Closed agalbachicar closed 3 years ago
This test seems to be failing not because of the implementation of the tests in the agent_simulation_builder_test.cc
file but because of some bad parsing in the message that prints the warnings
.(it is printed by a third library )
I couldn't reproduce this error and at the moment we run out of minutes in CI so I couldn't get to the bottom of the issue however I believe that if we resolve those warnings this error won't be shown anymore and to solve that we only have to change one line in the simple_prius.sdf
file. (Check change)
WDYT @agalbachicar if I add that minor modification and we check later on if it is needed to continue debugging or not?

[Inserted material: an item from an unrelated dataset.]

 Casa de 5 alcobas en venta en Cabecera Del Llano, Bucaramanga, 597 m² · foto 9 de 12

WDYT @agalbachicar if I add that minor modification and we check later on if it is needed to continue debugging or not?
The change seems good to me. I doubt that is the only reason why the test failed. Let's start with that.
WDYT @agalbachicar if I add that minor modification and we check later on if it is needed to continue debugging or not?

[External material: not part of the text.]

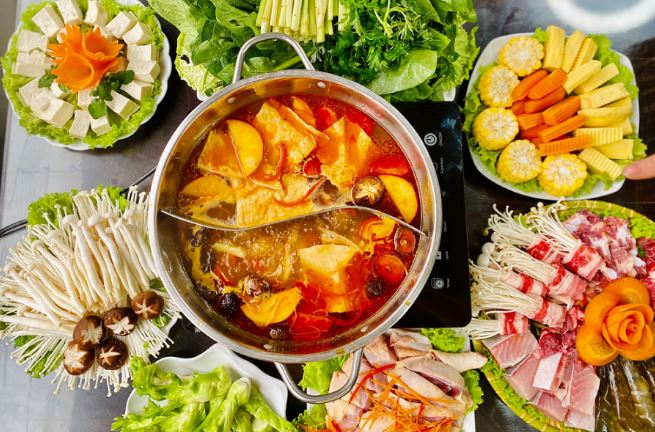 Nhúng loại rau này vào nồi lẩu là “rửa trôi” dinh dưỡng, rước thêm bệnh về người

The change seems good to me. I doubt that is the only reason why the test failed. Let's start with that.
Yeah, for what the issue description says technically the return code of the run_test.py
command is -11 which in unix mean SEGFAULT. At the moment I couldn't reproduce it locally. I am still trying though.

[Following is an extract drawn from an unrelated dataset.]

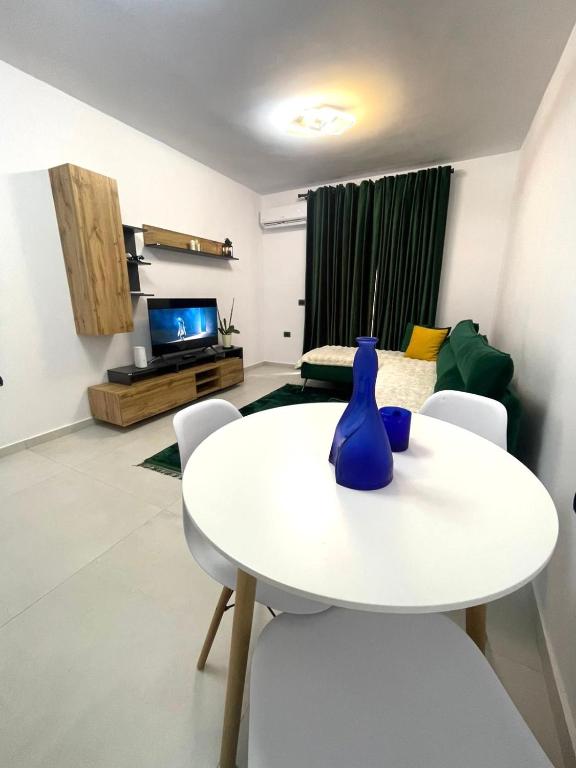 Kuchyň nebo kuchyňský kout v ubytování Heart of Fier Apartment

I was barely able to reproduce it, just a few times. (reducing the cpu usage of the container and doing a bit of magic).
I can tell two things so far:
run_test.py
(from /opt/ros/dashing/share/ament_cmake_test/cmake): I added some prints there just to check if it is an issue located in this script when executing the test. But no, the return code -11 is returned by the test(gtest)So I should investigate a bit and understand why the gtest tool is returning -11 when test is finished with no fails. An error when destroying the objects after the test ends?. Odd.
Extra: I've checked the test_result (build/delphyne/test_results/delphyne/UNIT_agent_simulation_builder_test.gtest.xml) after having the error and it shows:
<?xml version="1.0" encoding="UTF-8"?>
<testsuite name="delphyne" tests="1" failures="1" time="0" errors="0" skipped="0">
<testcase classname="delphyne" name="UNIT_agent_simulation_builder_test.gtest.missing_result" time="0">
<failure message="The test did not generate a result file: Running main() from /opt/ros/dashing/src/gtest_vendor/src/gtest_main.cc [==========] Running 5 tests from 1 test case. [----------] Global test environment set-up. [----------] 5 tests from AgentSimulationTest [ RUN ] AgentSimulationTest.TestGetVisualScene [ OK ] AgentSimulationTest.TestGetVisualScene (799 ms) [ RUN ] AgentSimulationTest.BasicTest [ OK ] AgentSimulationTest.BasicTest (1301 ms) [ RUN ] AgentSimulationTest.TestPriusSimpleCar -1 0 1 2 3 4 5 6 7 8 9 10 11 12 13 14 15 16 17 18 19 20 21 22 23 24 "/>
</testcase>
</testsuite>
Which is in essence is the same failure message shown in the issue's description.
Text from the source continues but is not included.